That means— HALLALEUJAH!— another one-year break from Christmas music.

OK, I’m kidding a little. Most Christmas music isn’t that bad. Some is downright superb, in fact.

My favorite Christmas song is “The Little Drummer Boy,” but only the Harry Simeon Chorale’s version will do for me. It’s just human voices accompanied by the striking of a piano. That’s all that is needed to tell the simple tale of a poor boy that can only play his drum as a gift to the Christ child.

there are other versions of “The Little Drummer Boy,” but the one by the Harry Simeon Chorale reaches the level of perfection. And we know what happens when people try to improve on perfection.
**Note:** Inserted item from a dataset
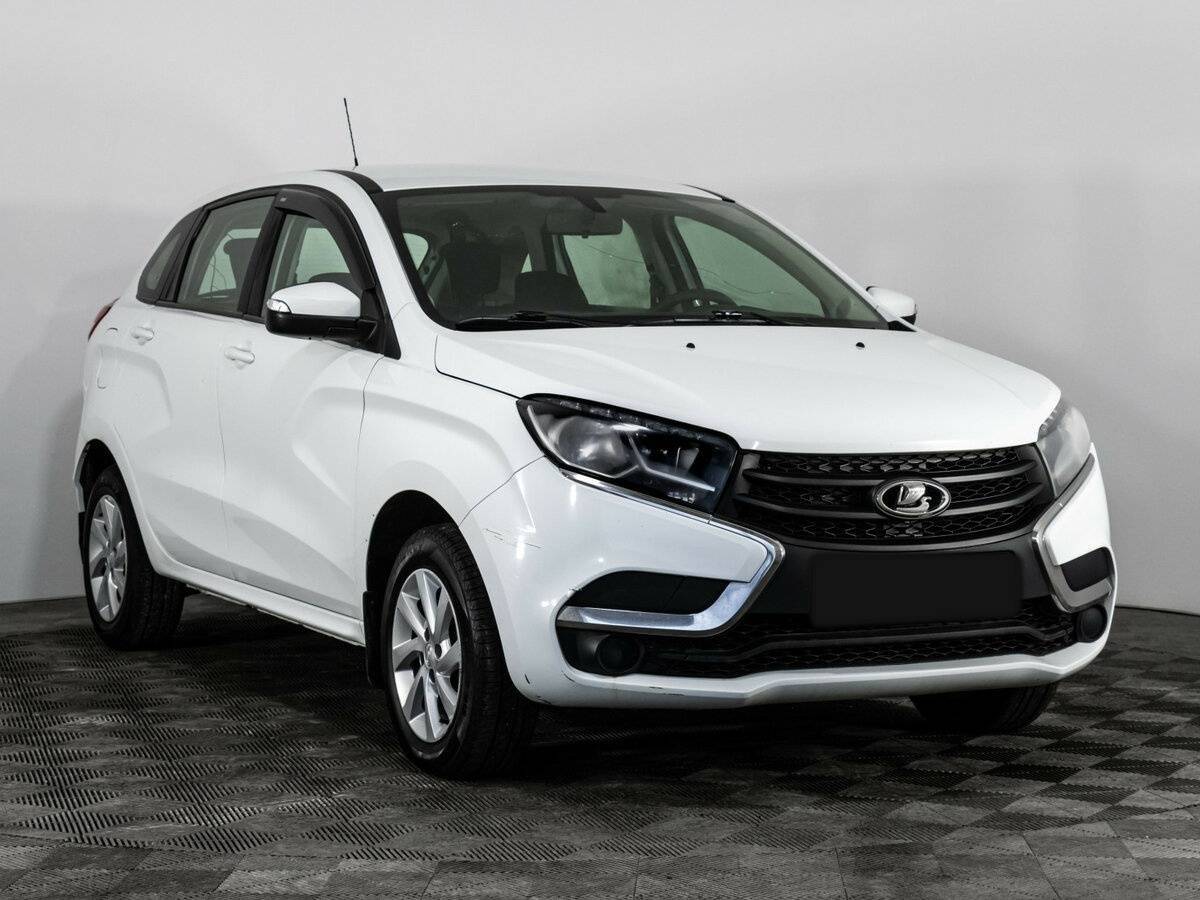 Лада (ВАЗ) ИКСРЭЙ б/у, 2018, Механическая. Фото: #2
Good Christmas music aside, we can agree that there is some Christmas music that absolutely, positively has to go, can’t we?

Yes, I’m thinking Christmas rap songs here. A plea to America’s rappers: PLEASE don’t do this.

And I’m not one of those old “fuddy duddies” that doesn’t like rap. Fact is, I do like rap. As I’m fond of saying, rap helped kill disco; I owe rap and rappers a debt I can never repay them.

Before all you disco fans get your noses out of joint: yes, I am joking. You’ll have to decide for yourselves whether or not my quip was funny. What can’t be denied is my quip isn’t exactly true.

Actually, it was disco that helped rap become a big-time music genre. Wasn’t one, of the first rap mega-hits “Rapper’s Delight” by The Sugar Hill Gang?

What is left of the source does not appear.